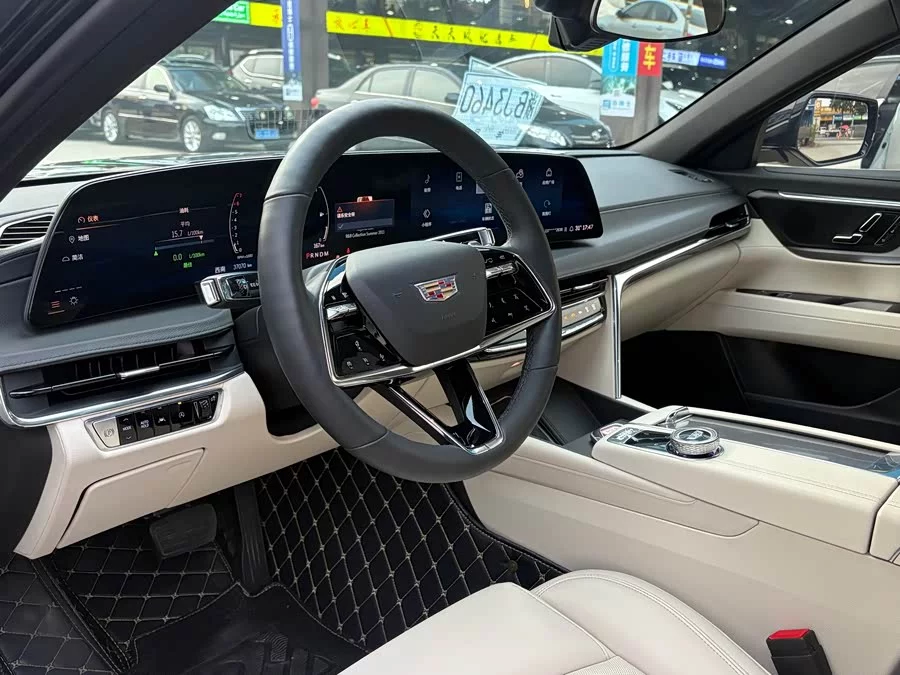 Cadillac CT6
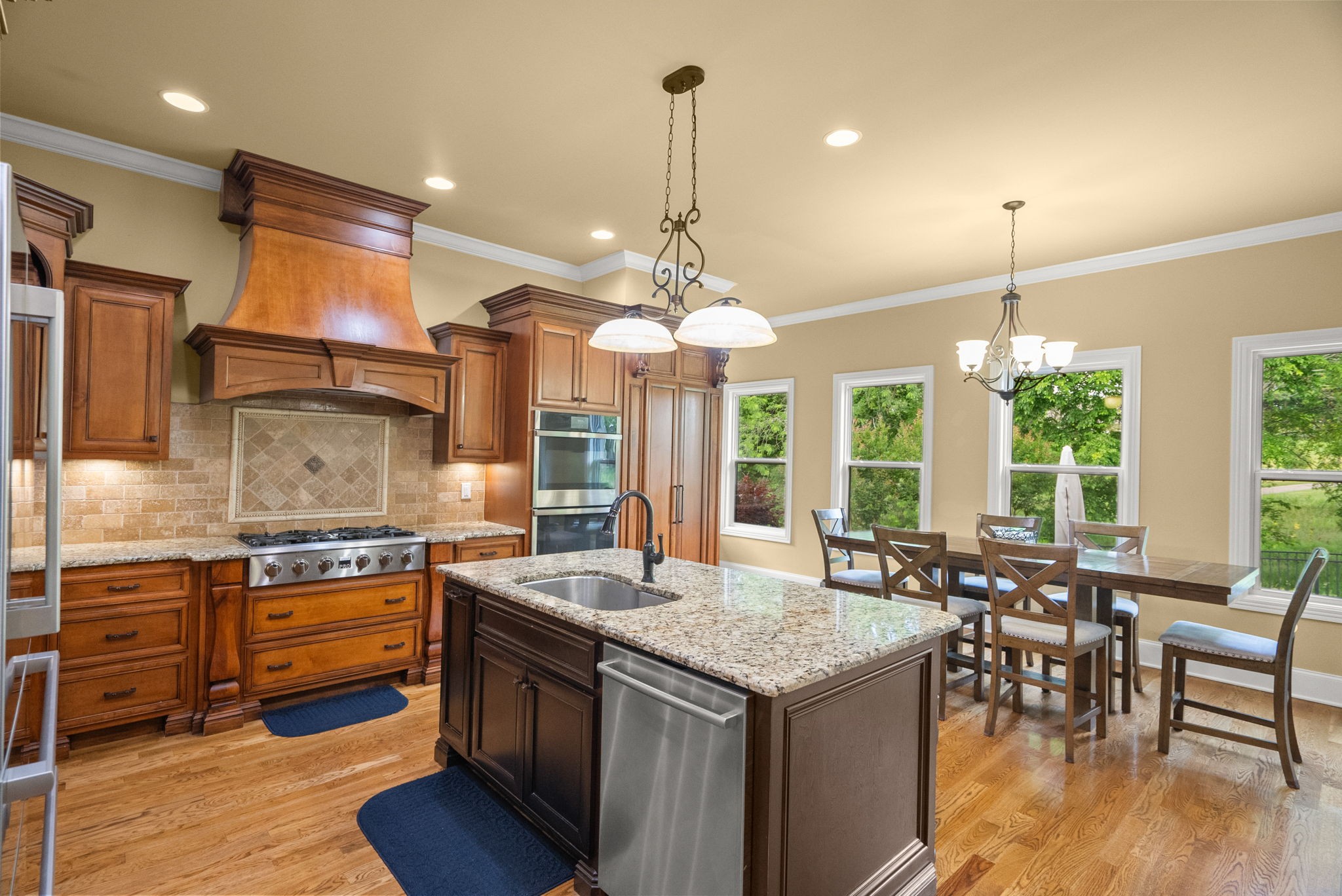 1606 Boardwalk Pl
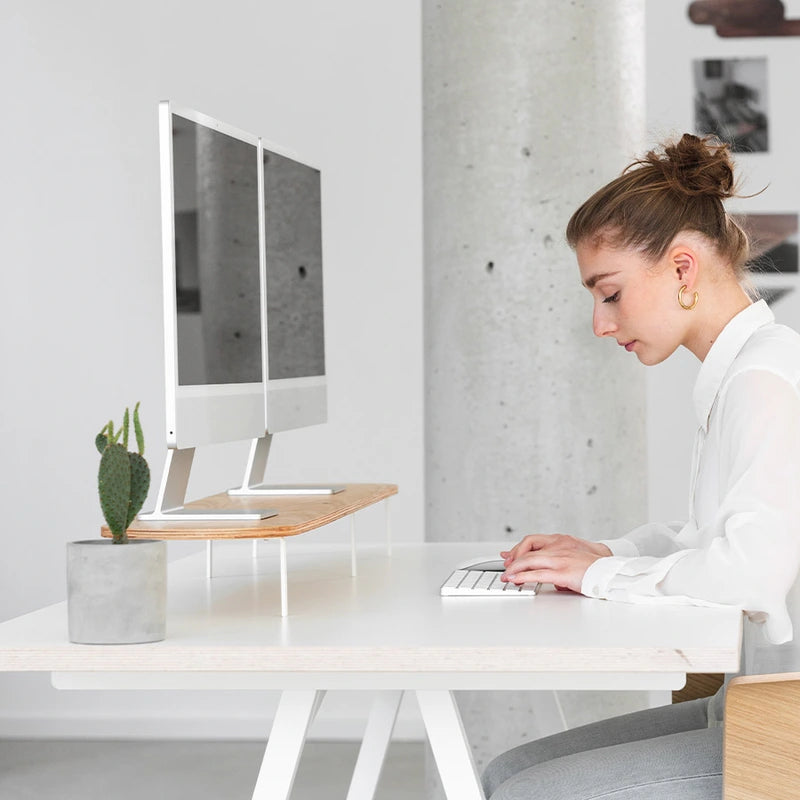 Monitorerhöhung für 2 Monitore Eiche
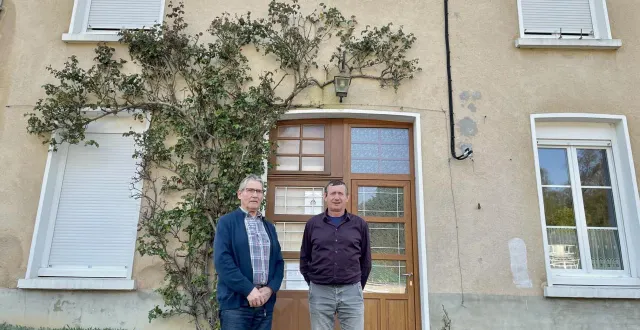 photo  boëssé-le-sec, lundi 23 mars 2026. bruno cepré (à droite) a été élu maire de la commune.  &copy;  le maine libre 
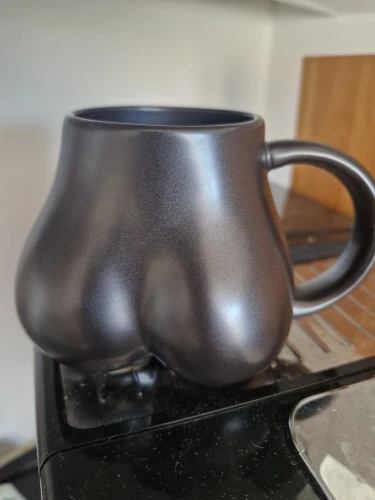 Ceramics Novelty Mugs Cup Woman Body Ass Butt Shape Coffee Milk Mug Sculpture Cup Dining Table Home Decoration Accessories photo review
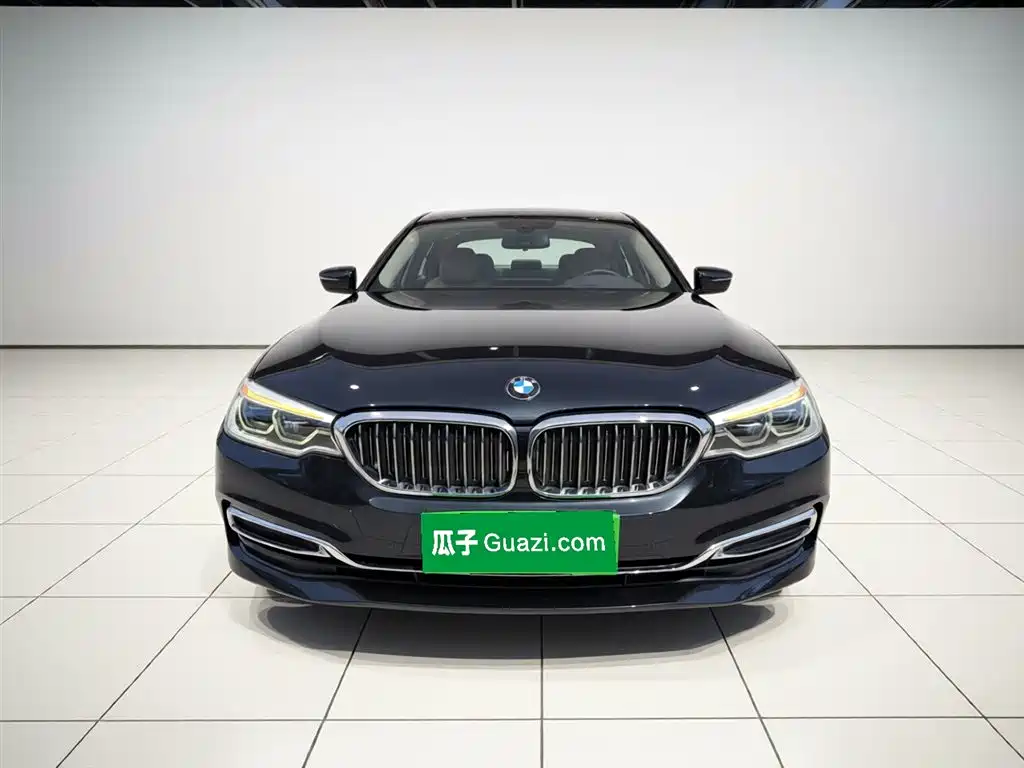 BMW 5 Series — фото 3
==*==
## GOAL OF THE EXERCISE
Omit the pictures and retype exactly the lines from the one containing "1606 Boardwalk Pl" through the end of the entries above.

## EXPECTED ANSWER
 1606 Boardwalk Pl
 Monitorerhöhung für 2 Monitore Eiche
 photo  boëssé-le-sec, lundi 23 mars 2026. bruno cepré (à droite) a été élu maire de la commune.  &copy;  le maine libre 
 Ceramics Novelty Mugs Cup Woman Body Ass Butt Shape Coffee Milk Mug Sculpture Cup Dining Table Home Decoration Accessories photo review
 BMW 5 Series — фото 3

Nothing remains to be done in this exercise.